Tatsächlich richten sich die meisten Tutorials, Guides und Vorlesungen sowie die meiste Dokumentation an erfahrene Programmierer (die dieses Material auch schreiben). Dementsprechend setzen sie meist eine große Menge an Vorwissen und Verständnis voraus. Das ist sehr viel effizienter für erfahrene Programmierer, da nicht in jedem Schriftstück wieder die Grundlagen beschrieben werden. Und es ist auch weniger aufwendig in der Erstellung – versteht sich. Es ist genau dieser Fakt, der für die tatsächlichen Erstlinge ein großes Problem darstellt: für diejenigen, die noch nicht eine gewisse informationstechnische Grundbildung besitzen, sind dadurch die meisten Ressourcen schlicht ungeeignet.
Ich denke, diese informationstechnische Grundbildung ist erreicht, wenn ein (selbst oberflächliches) Verständnis von Programmierung und Internettechnologien mit einem guten Verständnis für Betriebssysteme und die maschinennahen Vorgänge kombiniert wird. Sobald dies erreicht ist, stehen alle Wege offen und Fachbücher und Projektdokumentation können gelesen und verstanden werden. Ich bin nicht der Meinung, ein volles Verständnis aller durch eine bestimmte Programmiersprache gebotenen Möglichkeiten wäre notwendig. Viel wichtiger finde ich, dass die Vorgänge in der eigenen Programmierumgebung bekannt sind.
Ich behaupte, dass dieses Phänomen der informationstechnischen Grundbildung vergleichbar mit dem ist, was in der Mathematik „mathematical maturity“ genannt wird. So wird die Grundbildung genannt, die in den allermeisten mathematischen Fachbüchern und -artikeln als gegeben vorausgesetzt wird. Sie ist die Grundlage fast aller Kommunikation: viele erfahrene Mathematiker haben größte Schwierigkeiten, ein Konzept zu erklären, ohne auf dieses Vokabular und Verständnis zurückzugreifen – ohne also die „mathematical maturity“ der Adressaten anzunehmen. Das Erreichen dieser Stufe wird als separates Problem betrachtet.

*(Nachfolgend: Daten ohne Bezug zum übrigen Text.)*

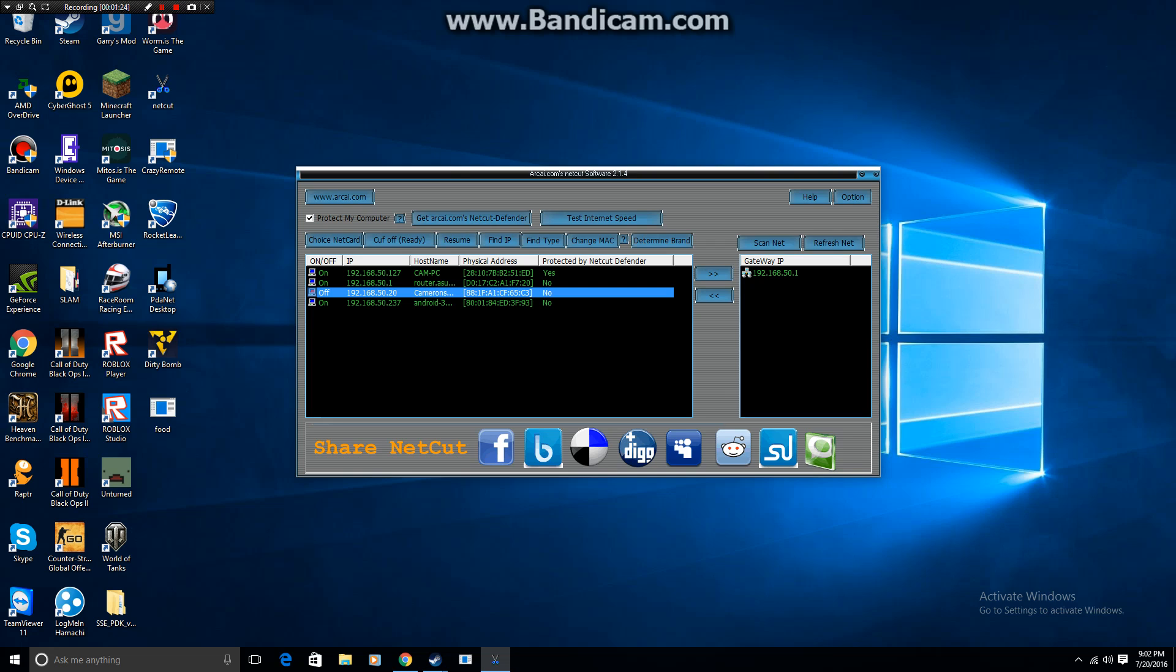So once you've had fun with this or if someone's stealing your Wi-Fi, if you want to allow them back on you're just going to go up here and click resume and they're back on. So that's all.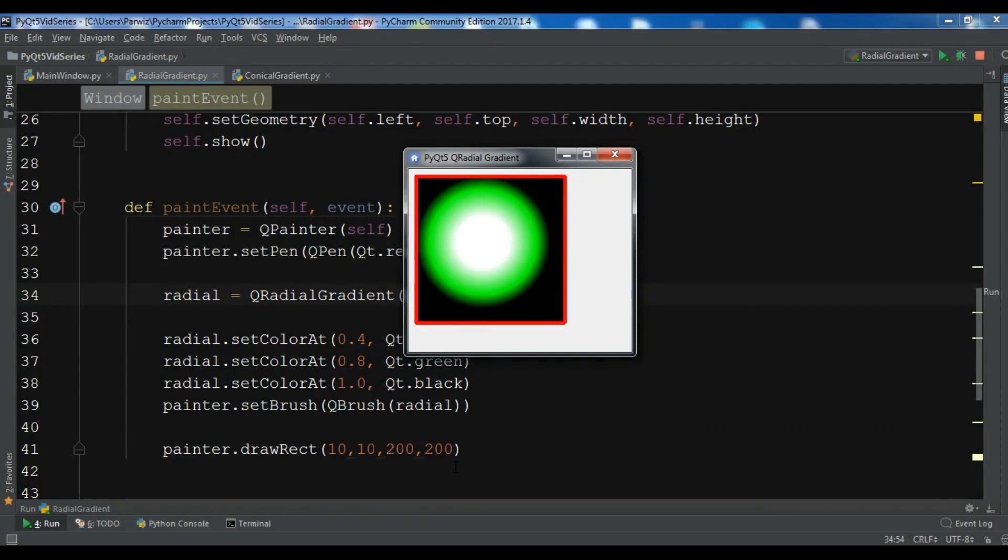Hello Youtubers, I am PyRaze and this is our 61st video in Python GUI development with PyQt5. In the previous video we learned about radial gradient in PyQt5. In this video we are going to talk about creating conical gradient in PyQt5.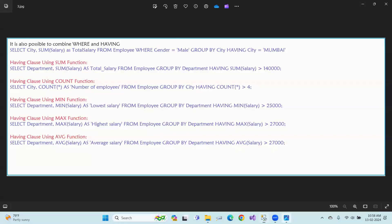So that covers the HAVING clause. We can see intermediate results and filter them. Use it yourself — the concept is clear. Thank you.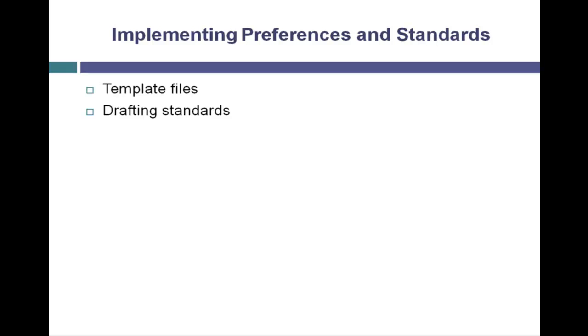We'll take a look at drafting standards and what elements of Mechanical they control and how they can be shared.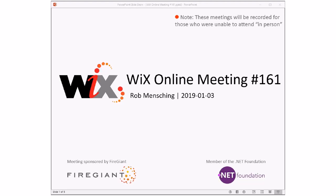Good morning, good afternoon, good evening. This is the Wix online meeting 161, and happy new year to you. This is the first meeting of 2019. I hope all of you are doing well and had enough days to recover after all the festivities of the new year.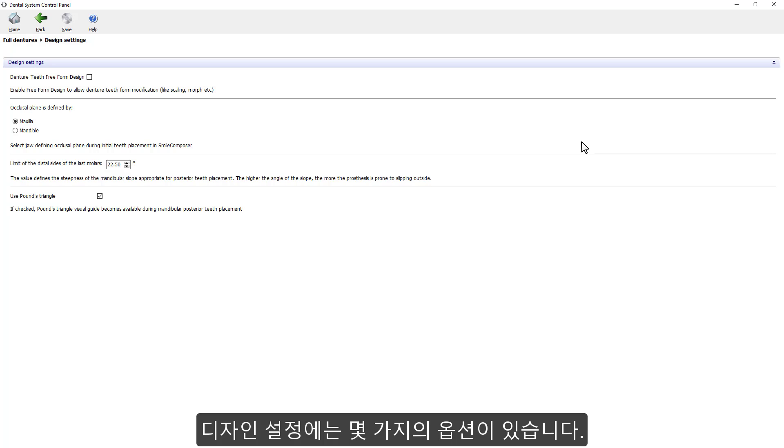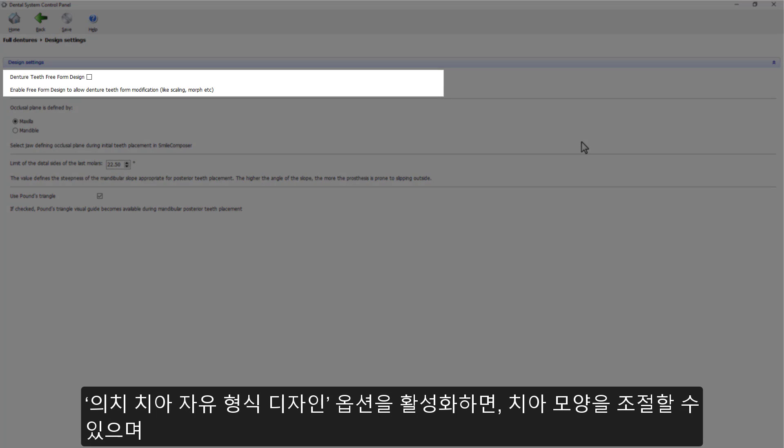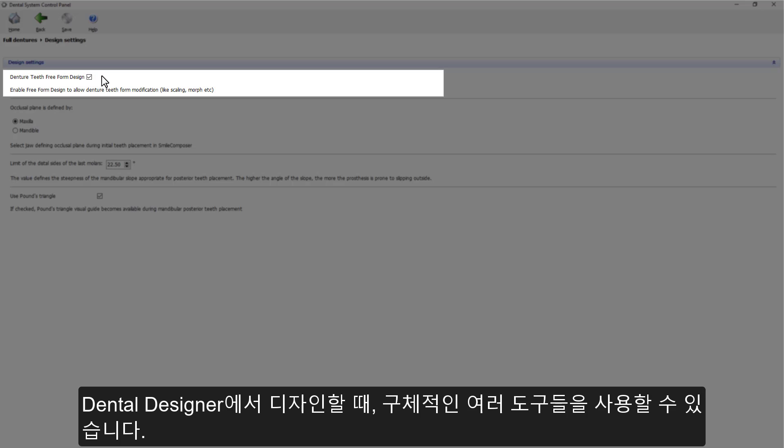You can see that there are a few options here. Firstly, you have a checkbox for denture teeth free-form design. If you are going to enable it, that means you will be able to change the teeth shape. You will be able to use more specific tools while designing in the Dental Designer.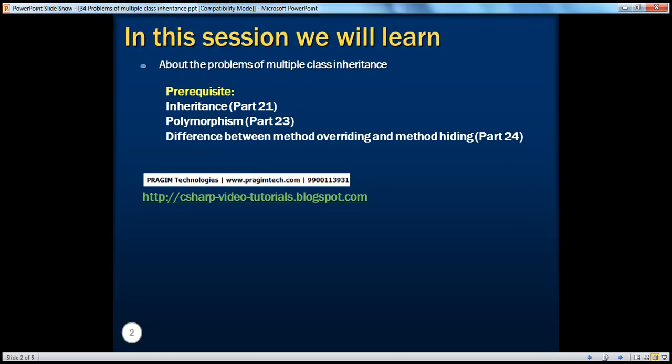In this session, we will understand the problems of multiple class inheritance. To understand this session properly, we need to understand inheritance, polymorphism, and the difference between method overriding and method hiding. You can check these in part 21, part 23, and part 24 of this video series.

Nehmen wir einmal an, die Methoden des Lernens in der Informatik unterscheiden sich ebenfalls in „vor Erreichen der informationstechnischen Grundbildung“ und „nach Erreichen der informationstechnischen Grundbildung“. Wie die Welt „nach Erreichen der informationstechnischen Grundbildung“ aussieht, soll nicht Thema dieses Artikels sein, sondern die Ausbildung, in der diese Grundbildung erreicht werden soll. Ich habe die üblichen Methoden in fünf Ansätze unterteilt:
„Fang mit Python an“ oder „Versuch mal, so eine einfache Webseite zu bauen“. Die häufigsten Ratschläge würden wahrscheinlich so oder so ähnlich lauten. Einen besonderen Hintergedanken hat dies oft nicht, es ist einfach ein Startpunkt: „Mach einfach mal“
Und das ist auch sicherlich kein schlechter Rat! Doch ich behaupte, diese Startpunkte sind nicht korrekt gewählt. Denn was eine Webseite *ist*, was ein Browser tut, oder was „Python“ sein soll, was im Programmverlauf passiert und warum, das ist für jeden Anfänger ein Buch mit sieben Siegeln.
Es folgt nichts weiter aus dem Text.